**WORK REQUEST:**
Give back the exact lines of the material below from the one containing "201 S 6TH Place, Show Low, AZ 85901" through the one containing "Patung Unik Kuningan", and no pictures.

**EXCERPTED RECORDS:**
· · · · · · ·

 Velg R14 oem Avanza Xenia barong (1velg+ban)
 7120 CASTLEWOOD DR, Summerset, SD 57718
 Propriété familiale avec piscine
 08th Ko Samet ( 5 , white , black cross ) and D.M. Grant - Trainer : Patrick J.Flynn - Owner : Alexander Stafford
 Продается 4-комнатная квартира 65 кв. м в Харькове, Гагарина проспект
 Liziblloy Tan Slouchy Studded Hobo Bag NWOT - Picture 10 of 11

· · · · · · ·

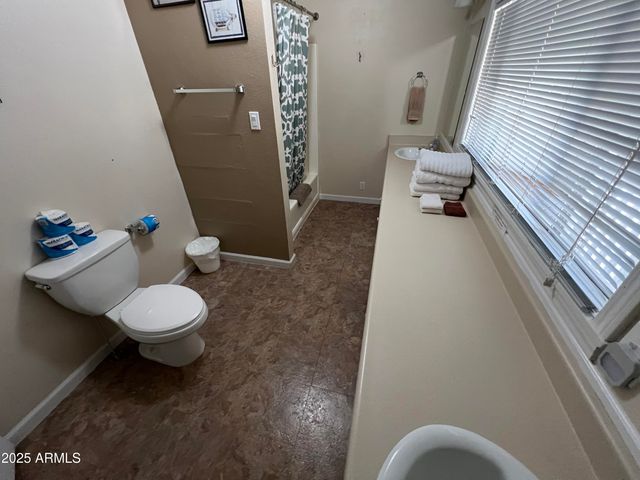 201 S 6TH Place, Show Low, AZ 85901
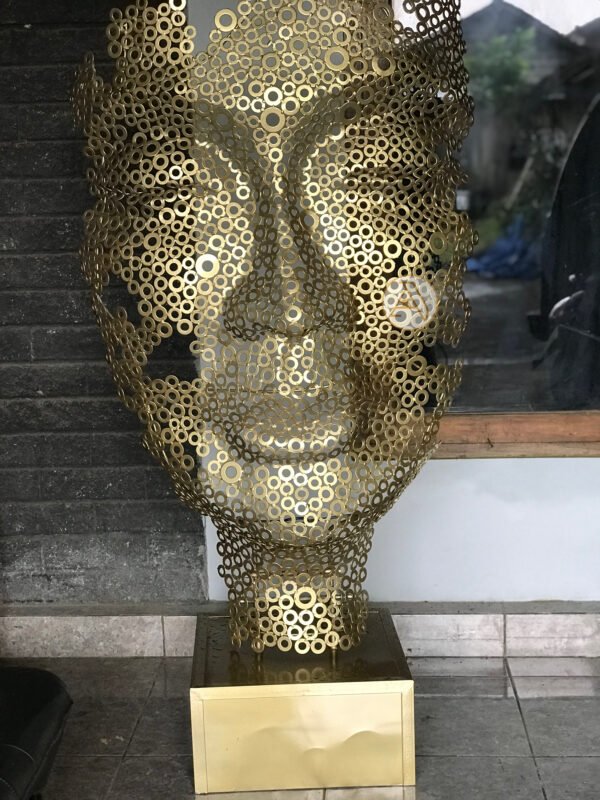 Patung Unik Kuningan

· · · · · · ·

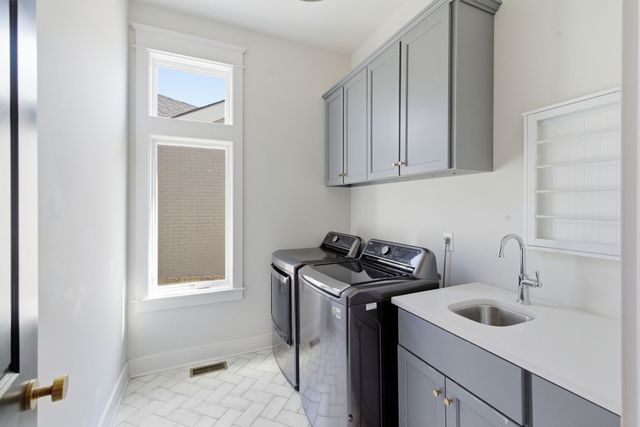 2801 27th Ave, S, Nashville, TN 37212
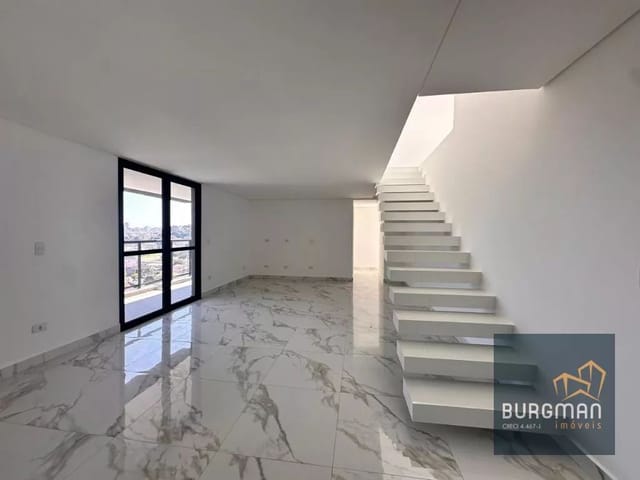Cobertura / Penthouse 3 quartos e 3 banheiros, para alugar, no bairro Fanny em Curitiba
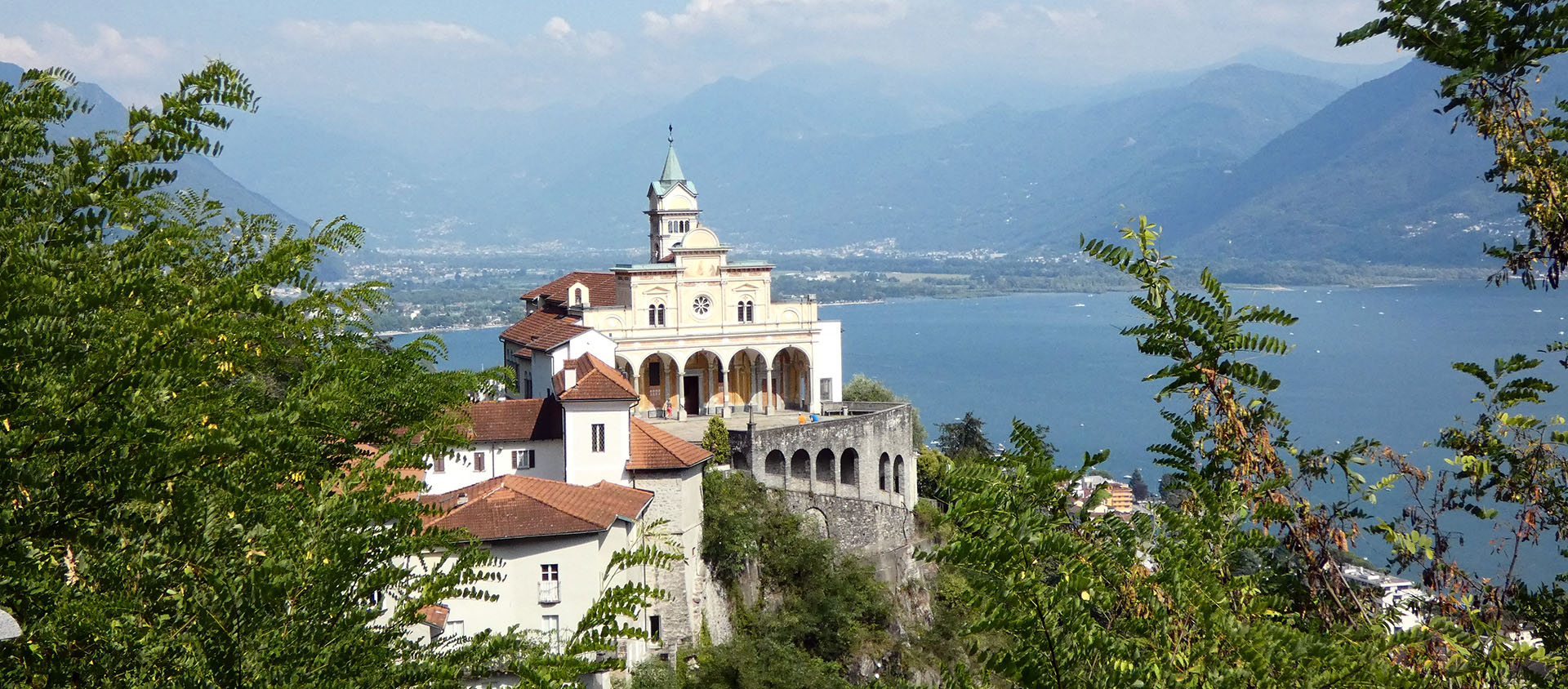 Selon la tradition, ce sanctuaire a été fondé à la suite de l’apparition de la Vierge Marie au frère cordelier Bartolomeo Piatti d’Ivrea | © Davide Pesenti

· · · · · · ·

**REPLY:**
 201 S 6TH Place, Show Low, AZ 85901
 Patung Unik Kuningan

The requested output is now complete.